▶ [Recorded information]:
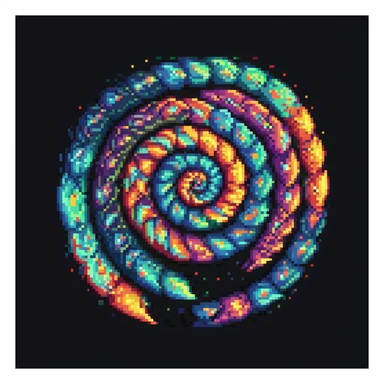 pixel art galaxy, spiral arms, vibrant colors sticker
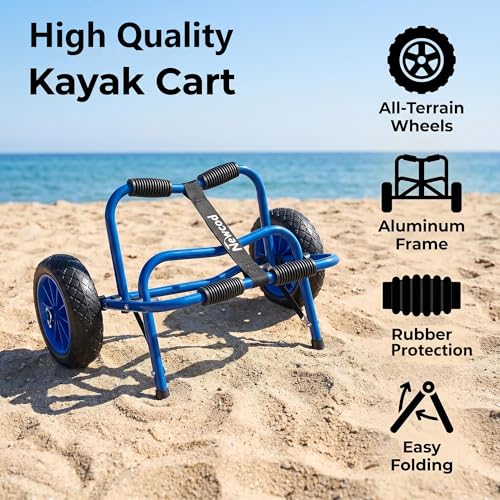 Nooew Newcod Kayak Cart, Kayak Dolly with 10" Airless Tire for Carrying Kayak Canoe SUP Paddle Board - Image 3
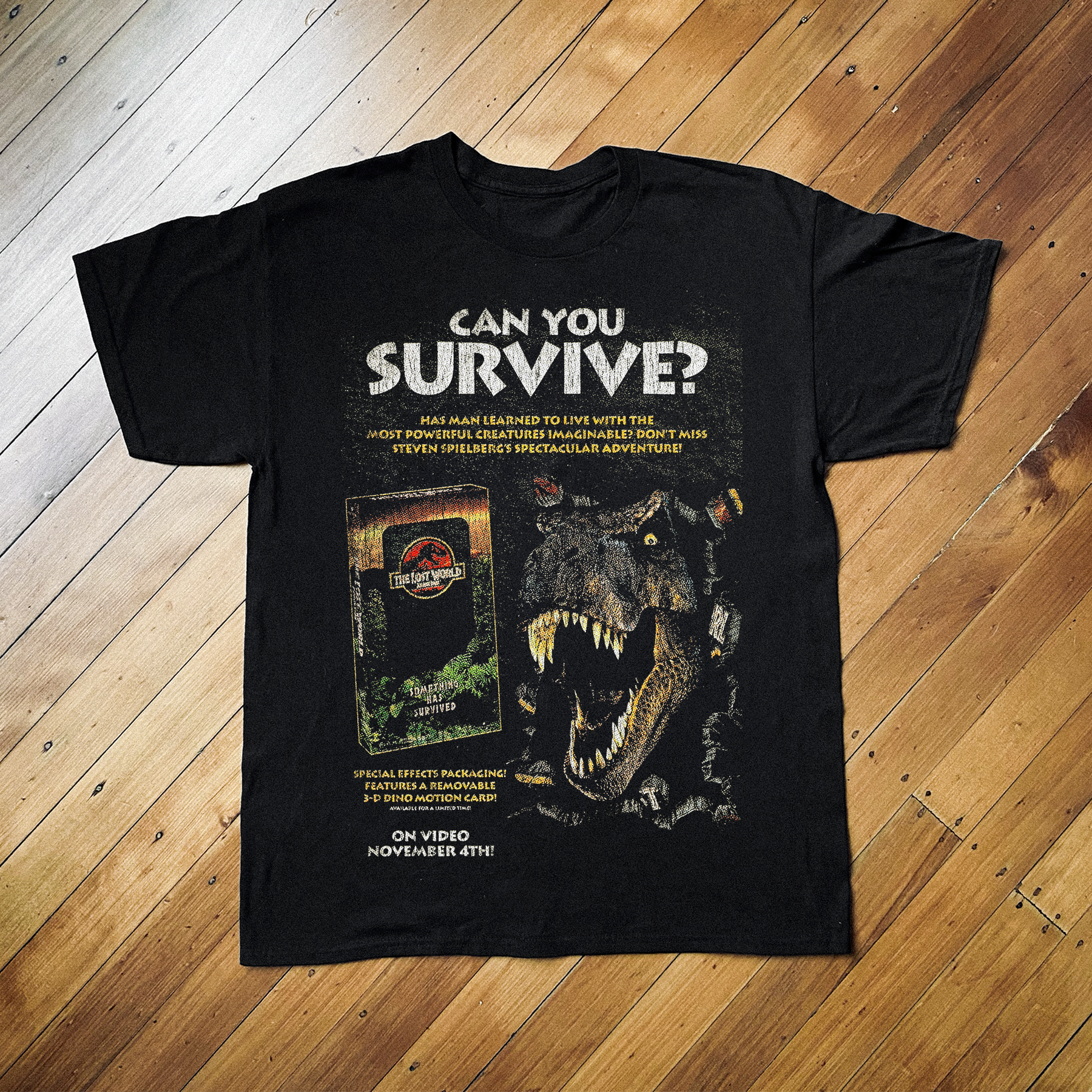 The Lost World Jurassic Park Promo Black T-Shirt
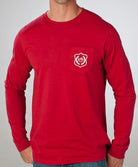 Southern Tide - Long Sleeve Collegiate Flag Pocket Tee: AL Front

▶ [Goal of the exercise]: Only the lines from the one containing "Nooew Newcod Kayak" through the last line of the material should be returned, exactly and without pictures.

▶ [Task answer]:
 Nooew Newcod Kayak Cart, Kayak Dolly with 10" Airless Tire for Carrying Kayak Canoe SUP Paddle Board - Image 3
 The Lost World Jurassic Park Promo Black T-Shirt
 Southern Tide - Long Sleeve Collegiate Flag Pocket Tee: AL Front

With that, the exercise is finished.